Recovered from the Wayback Machine.

Have we lost the window of opportunity for intimacy in our writing? Did we have it once, but then we stood at the edge of change, and in one direction lay power and glory, the other obscurity and intimacy, and we chose the glory?

Somehow when we stopped using Blogrolls and started using aggregators to keep up with each other’s writings, we started to lose our touch with each other. No matter how many readers we did or did not have, when we had to visit each other’s weblogs, it set both a tone and a context for the writing.

Now, we have a wonderful ability to consume mass quantities of data, and we are probably the most well informed citizens of this world, if not the known universe. If all this data were food or beer, the sound heard the loudest would be a hearty belch.

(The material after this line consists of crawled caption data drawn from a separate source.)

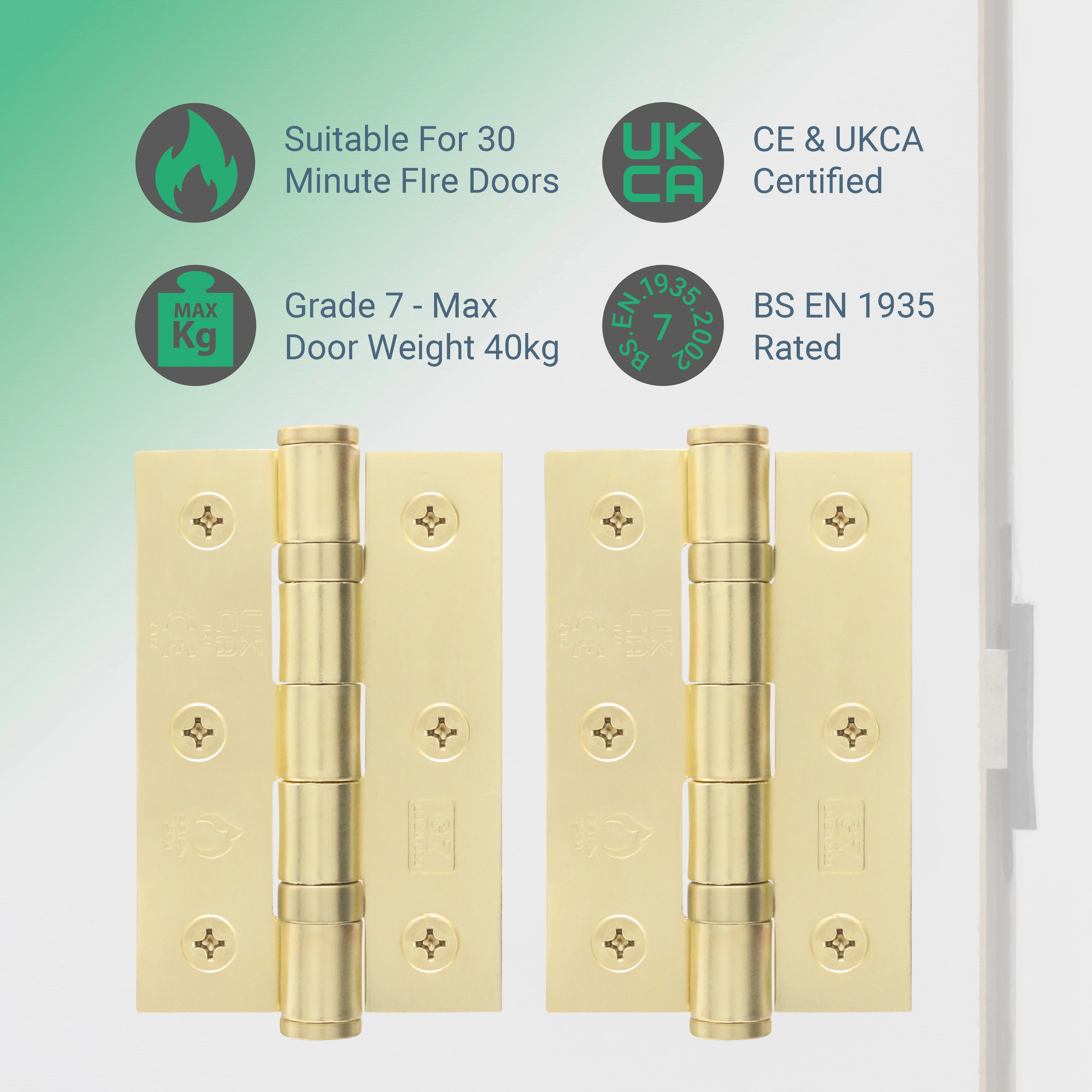 Satin Brass Fire Door Hinges - 3 Inch/76mm - Grade 7 Steel Ball Bearing - Pair - Image 2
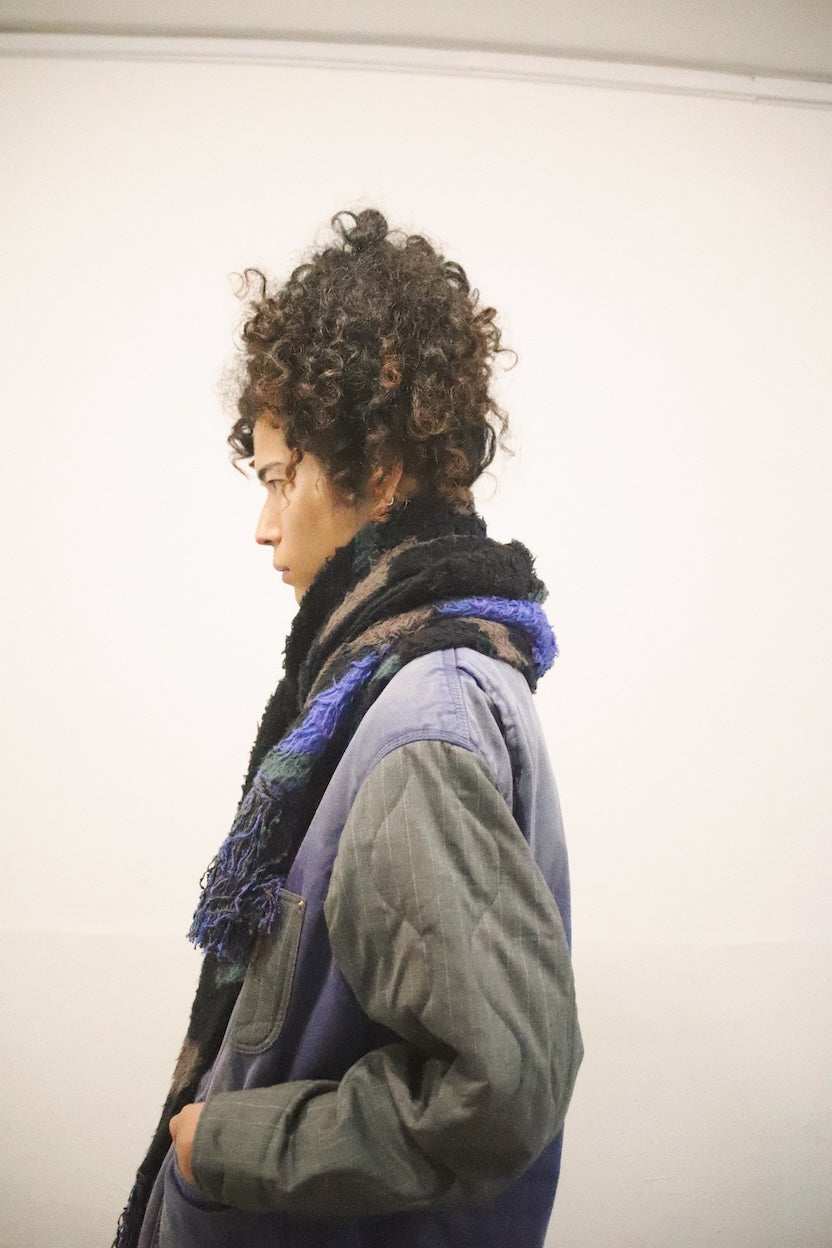 Jacquard-design muﬄer Black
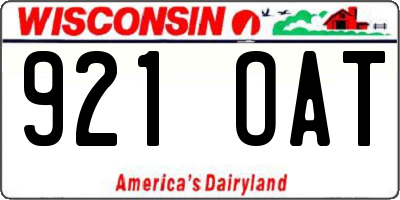 WI license plate 921OAT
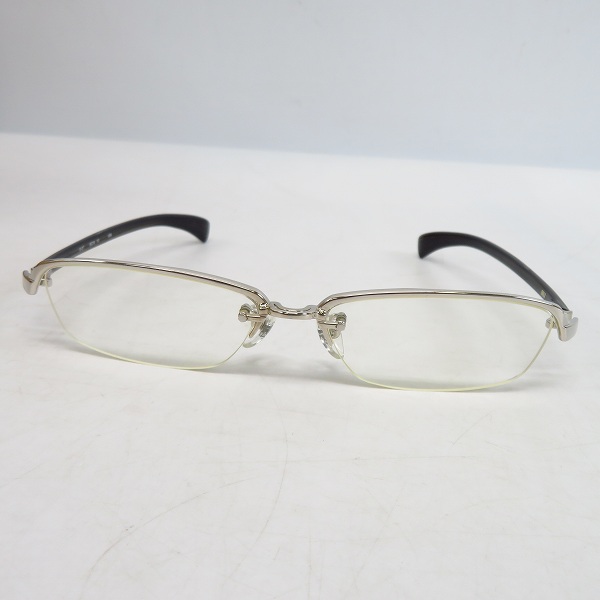 実際に弊社で買取させて頂いた999.9/フォーナインズ 度入り眼鏡/メガネフレーム ハーフリム O-21Tの画像 1枚目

Perhaps it’s for the best, because there’s something distasteful about putting your most delicate thoughts into a writing, which then just gets shoved up next to a video of a basketball game riot, half a dozen dire political announcements, an adorable picture of a kitten (which will upstage everything else), and a bit of code. Perhaps we what we need is mood aggregators, similar to the old Mood Rings popular decades ago.

With the increased popularity and scrutiny of weblogs in the press thanks to the American political scene, putting one’s thoughts online is somewhat like standing in the middle of the T station in Boston and shouting out for all to hear what is or is not on your mind at the moment. Even if you’re in a group of friends, there’s something about the surroundings that keeps you chit chatting on common place things. We have lost the internet equivalent of candlelight dinners, Sunday morning brunch, and a late night chat over cocoa or beer.

Oh, we still have voice for anger, no worries there. In fact, we have even greater capacity for anger and rightousness and umbrage. But then, there’s something impersonal and dispassionate about anger. Anger is the ultimate camouflage for what’s really going on in our heads and our lives. People don’t look too closely at you when you’re angry.

And look at the marvels of technology available now. There’s room in syndication feeds for ads and images and podcast enclosures, and who are we to stand like frozen blocks of salt in the path of progress.

I wonder though, since I’m in the mood and it’s a cloudy day and suits the topic, have we achieved this massive information input, increased exposure, and technical supremacy by sacrificing a space for either exquisite beauty or exquisite pain?